• GIVEN DATA

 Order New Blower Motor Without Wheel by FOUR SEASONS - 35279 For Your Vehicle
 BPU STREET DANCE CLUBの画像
==
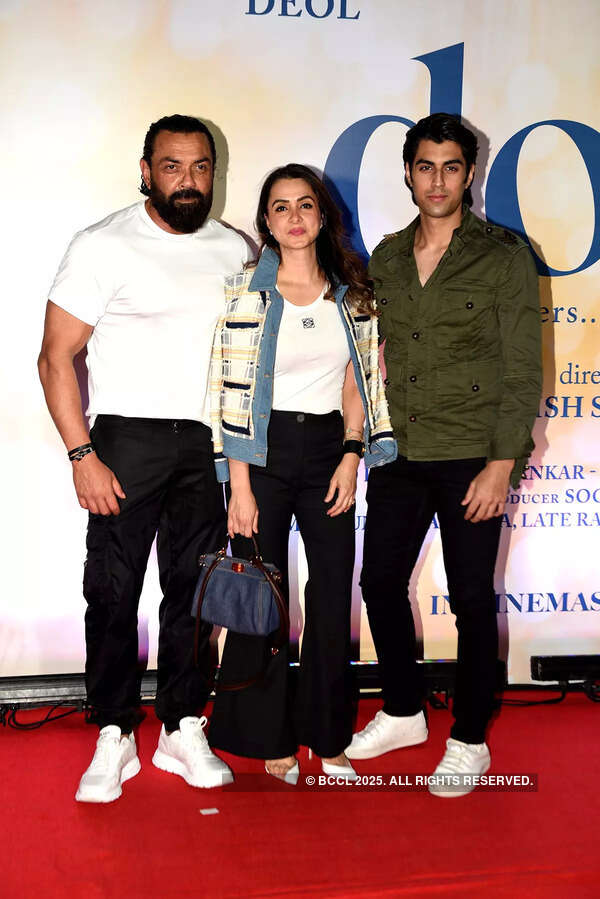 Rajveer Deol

• ACTIVITY
What you return should be exactly the lines above, starting at the one with "Order New Blower" and ending at the one with "BPU STREET DANCE CLUBの画像", and nothing else.

• ANSWER BOX
 Order New Blower Motor Without Wheel by FOUR SEASONS - 35279 For Your Vehicle
 BPU STREET DANCE CLUBの画像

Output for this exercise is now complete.